== Exercise aim ==
I would like the lines below, from the one with "Hey guys, welcome" through the one with "Hello, and welcome", copied exactly and without any pictures.
[[ Available data, beginning ]]
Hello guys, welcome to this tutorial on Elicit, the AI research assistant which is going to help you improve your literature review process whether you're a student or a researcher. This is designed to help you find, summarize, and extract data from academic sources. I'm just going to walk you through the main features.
[[ Available data, end ]]
[[ Available data, beginning ]]
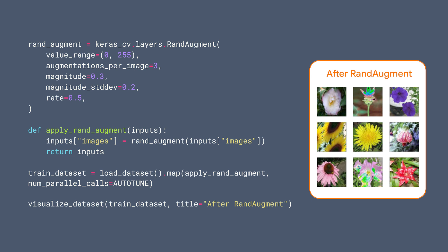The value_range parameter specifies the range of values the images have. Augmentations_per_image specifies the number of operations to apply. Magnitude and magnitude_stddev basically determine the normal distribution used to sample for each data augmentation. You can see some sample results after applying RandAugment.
[[ Available data, end ]]
[[ Available data, beginning ]]
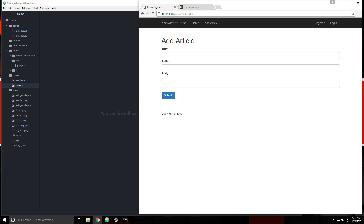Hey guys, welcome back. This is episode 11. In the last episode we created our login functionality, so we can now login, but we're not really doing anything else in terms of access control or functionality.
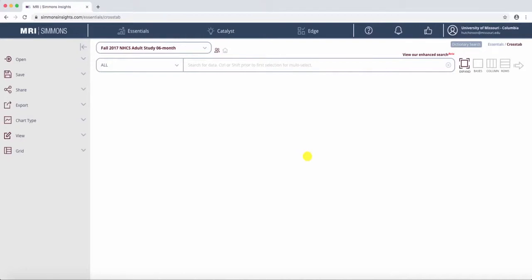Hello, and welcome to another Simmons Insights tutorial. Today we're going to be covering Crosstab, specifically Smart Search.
[[ Available data, end ]]
== Final answer ==
Hey guys, welcome back. This is episode 11. In the last episode we created our login functionality, so we can now login, but we're not really doing anything else in terms of access control or functionality.
Hello, and welcome to another Simmons Insights tutorial. Today we're going to be covering Crosstab, specifically Smart Search.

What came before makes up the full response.